Dubai: There’s good and bad news about Jhootha Hi Sahi. First the bad: Bollywood hunk John Abraham doesn’t take off his shirt to titillate us with his supremely-sculpted physique. But the good? There’s no time to shed copious tears over it because his acting chops are in top form. Abraham as the London-based geeky book-shop owner Sid who falls hopelessly in love with the suicidal-prone Mishka [Pakhi Tyrewala] is a feel-good love story at its best. Agreed, the plot of boy-meets-suicidal girl, boy-lies-to-suicidal girl is not anything extraordinary (remember Anjaana Anjaani), but its execution is fresh.
Unlike some cheesy Bollywood romcoms, the chemistry between the two principal actors is not contrived and the dialogues are relatable.
Barring the climax in which director Abbas Tyrewala seems to have succumbed to Bollywood style drama where Sid executes a Mission Impossible stunt to re-unite with his lover on the London's Tower Bridge, the rest of the film tows the line of sanity. For once, the Bollywood heroine is not your quintessential PYT cavorting around in high-end designer dos. She looks like any other ordinary 27-year-old grappling with an abusive bad break-up. But the operative word here is ordinary – though Pakhi Tyrewala’s acting is credible, she falls short when it comes to having a magnetic screen presence. Her recall value is zilch so don’t be hard on yourself if you find yourself racking your brains to conjure up her face a few minutes after leaving the theatre.
Three Idiots star Madhavan – as the eccentric, insecure and self-centred writer – makes his presence felt despite having a minuscule role. But the film with a somewhat hackneyed plot works largely because of the cackling chemistry among the ensemble cast.
Even though the chemistry between Sid and Mishka is endearing, it was another duo that had us in splits. Sid and his cynical-slash-acidic BFF Omar (actor Raghu Ram) shared an enviable on-screen camaraderie.
For once, the friends of a Bollywood hero were not relegated to glorified side-kicks. The film was as much about the love story as it was about Sid’s quirky friends. Even caricatured topics including India-Pakistan relations and unwed mothers were tastefully dealt with.

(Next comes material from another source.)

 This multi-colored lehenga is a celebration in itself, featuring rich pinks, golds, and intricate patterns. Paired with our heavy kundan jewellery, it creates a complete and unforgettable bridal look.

And if you have been tracking the controversy that was brewing prior to JHS release that the film was a rip-off of American sitcom Friends – then there’s little to fret about. It’s tough to find a Rachel or a Monica in any one of these characters.
The background score by Oscar-winner A R Rahman is at best mediocre and seems to be suffering from a severe Jaane Tu Ya Jaane Na (Abbas Tyrewala’s earlier work) hangover. But fret not, you will be appeased after you watch John Abraham deliver one of his finest performances till date. His stumbling, stammering act makes you almost believe that girls may one day choose the nerdy Clark Kent over Superman.
JHS is currently playing in the theatres near you.